* **Instructions to follow**:
Please output the data exactly, minus pictures.

* **Input for this task**:
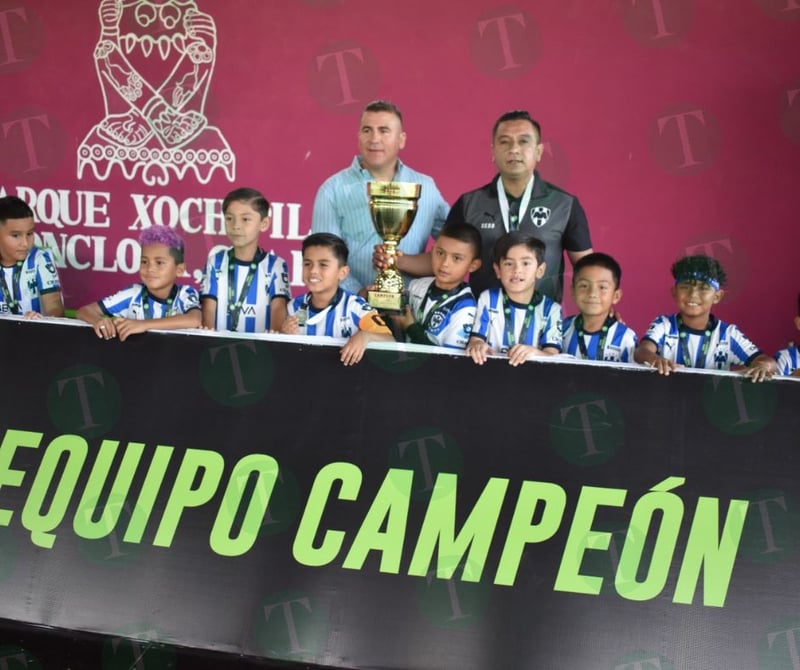 Parque Xochipilli premia a los campeones de la Liga de Fútbol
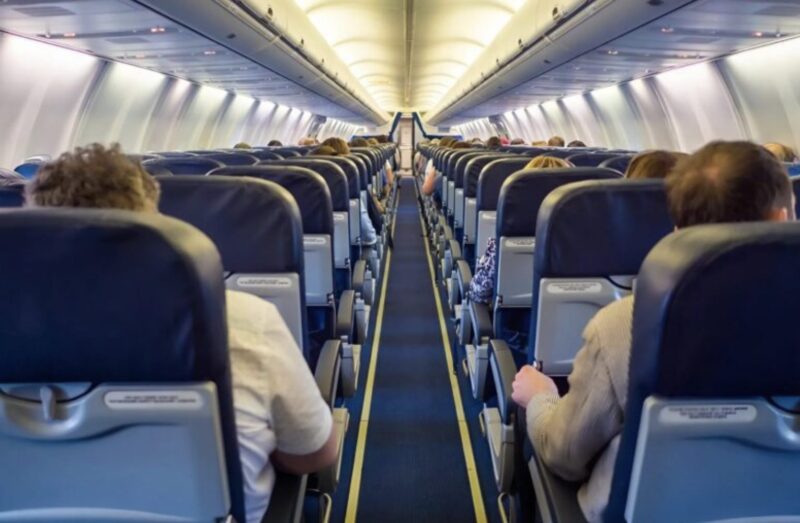 Kvinnan ringde flygvärdinnan och klagade på mig, men några minuter senare ångrade hon djupt sitt agerande.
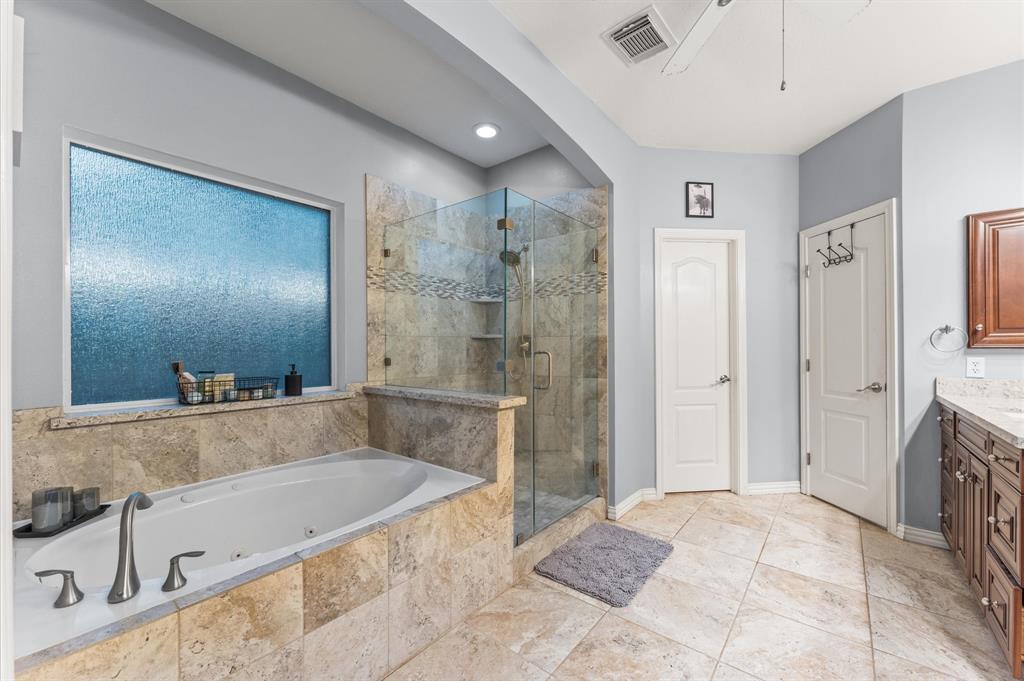 2437 Piney Point Drive, Deer Park, Texas image 19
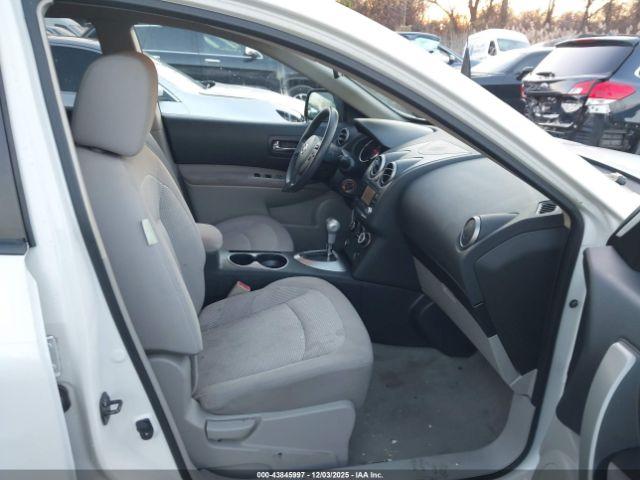 Nissan Rogue Sv Image 14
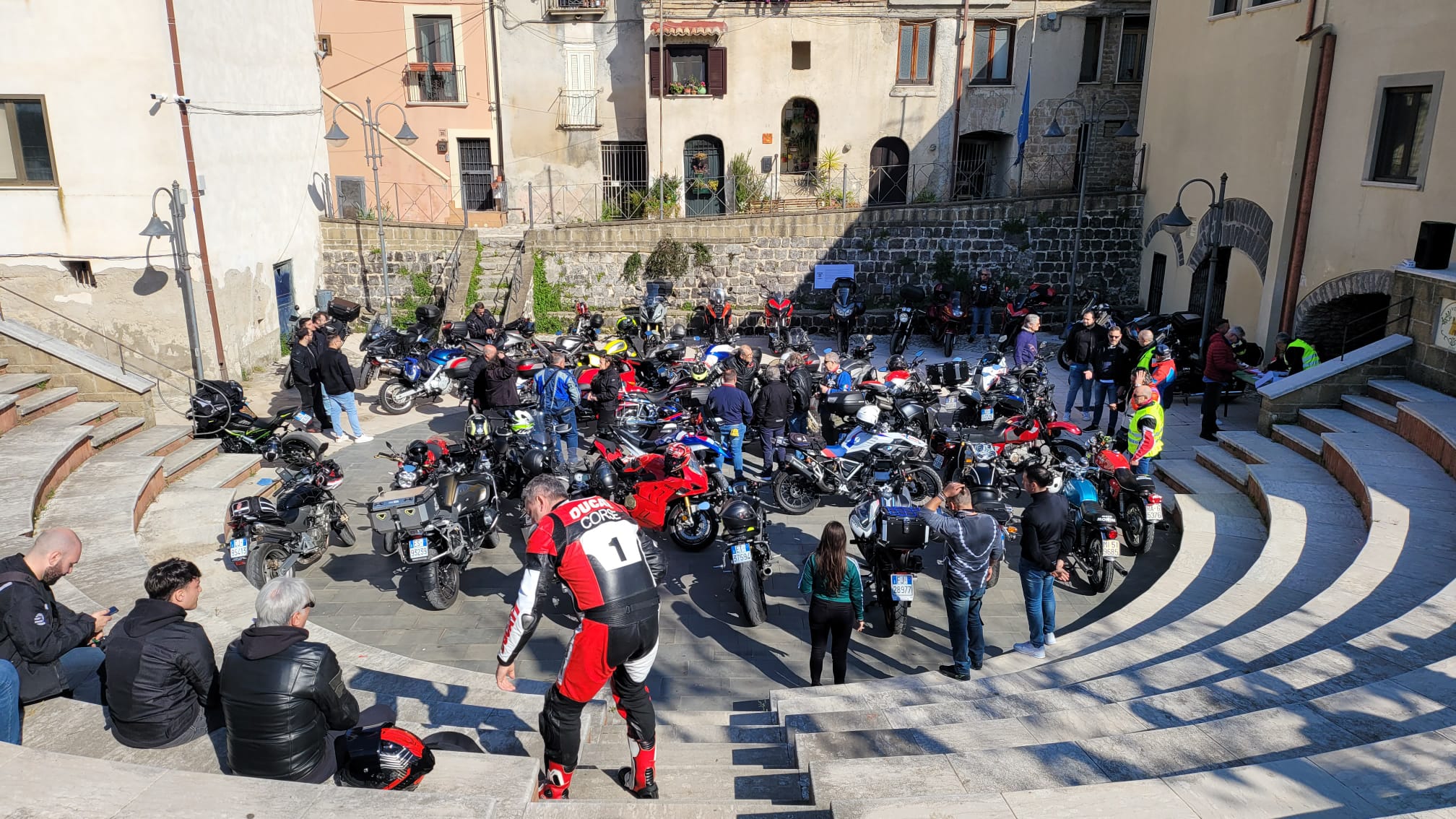 Raduno Motociclisti Sanniti a Castelvenere: è stato lo “start” del cartellone di eventi della prossima estate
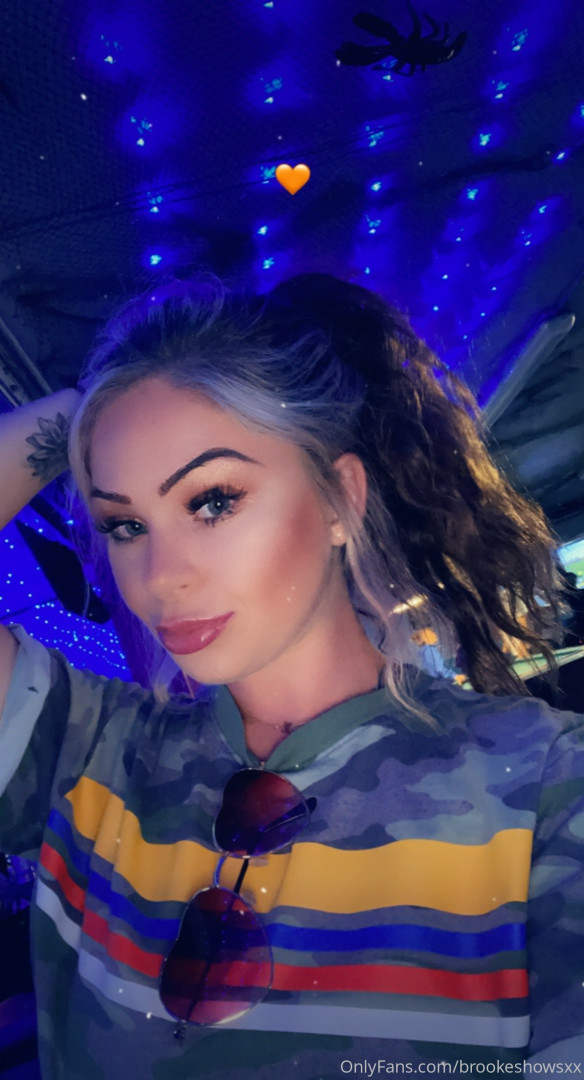 Photo by brookeshowsxx published on October 16,2023 21:51:55 - BestThots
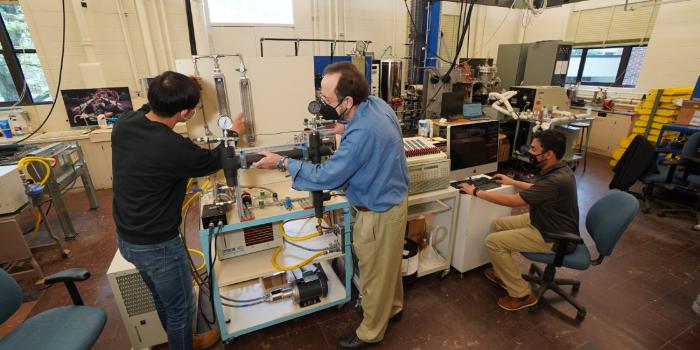 Ford Purdue University Forschung Ladekabel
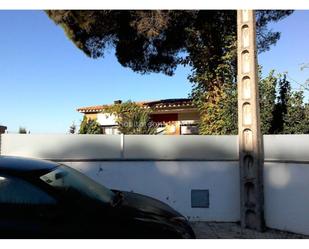 Vista exterior de Casa o xalet en venda en La Roca del Vallès amb Jardí privat i Terrassa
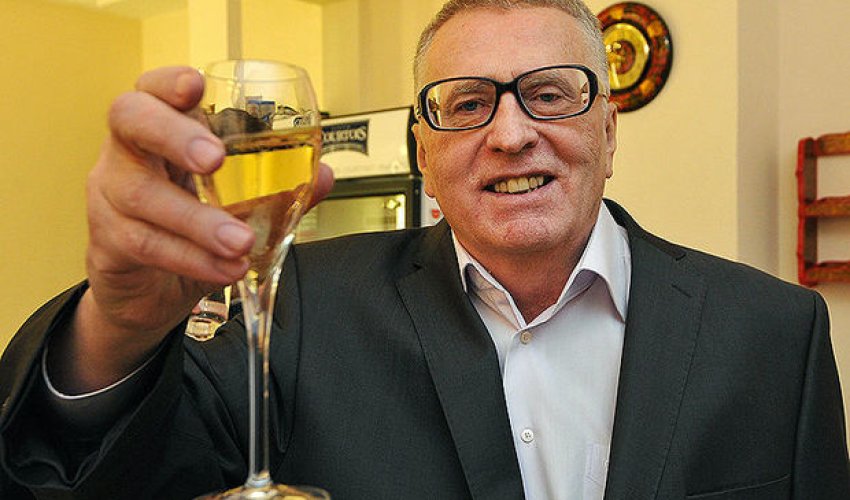 Jirinovski Trampın impiçmenti şərəfinə şampan içəcək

* **Solution to this exercise**:
 Parque Xochipilli premia a los campeones de la Liga de Fútbol
 Kvinnan ringde flygvärdinnan och klagade på mig, men några minuter senare ångrade hon djupt sitt agerande.
 2437 Piney Point Drive, Deer Park, Texas image 19
 Nissan Rogue Sv Image 14
 Raduno Motociclisti Sanniti a Castelvenere: è stato lo “start” del cartellone di eventi della prossima estate
 Photo by brookeshowsxx published on October 16,2023 21:51:55 - BestThots
 Ford Purdue University Forschung Ladekabel
 Vista exterior de Casa o xalet en venda en La Roca del Vallès amb Jardí privat i Terrassa
 Jirinovski Trampın impiçmenti şərəfinə şampan içəcək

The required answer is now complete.